Can you finally buy a hovercraft?
The Tim Traveller has just dropped a video about the massive SR.N4 car-carrying cross-channel hovercraft (which got a mention here) on display at Portsmouth, and he notes that there is still an active hovercraft service between Portsmouth and the Isle of Wight. That reminded me that I had a couple of pictures of that, and I thought I was primed for part 3 of "stick an aircraft engine in it". Two problems though.
First problem, the pictures aren't great. Taken in 2012 from the Mont Saint Michel ferry exiting Portsmouth harbour with my previous camera, which had a less powerful zoom and a lower resolution than my current one.
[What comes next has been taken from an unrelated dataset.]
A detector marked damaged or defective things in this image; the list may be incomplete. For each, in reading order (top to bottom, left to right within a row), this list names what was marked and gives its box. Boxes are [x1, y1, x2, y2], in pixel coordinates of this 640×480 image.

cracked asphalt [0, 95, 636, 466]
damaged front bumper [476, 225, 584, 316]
It's still enough, in conjunction with the Wikipedia page on Hovertravel, the company that operates these vehicles, to narrow it down. The hovercraft can only be one of two vessels, the Freedom 90 or the Island Express (squinting at the bow it might be former), but the exact identity matters little. Both are of the same type: an AP1-88 built by the British Hovercraft Corporation, successor to Saunders-Roe who built the big cross-channel model.
And that's where the second problem arises: the AP1-88 is not powered by aircraft engines! It is powered by 4 Diesel engines, making it much quieter and more economical to run, while still capable of reaching 50 knots. It shows that passenger hovercraft transport is possible without gas turbines, and Hovertravel's current fleet consists of two Diesel hovercraft built in 2016 by Griffon.
Nonetheless, chalk up the hovercraft as something I have seen in action!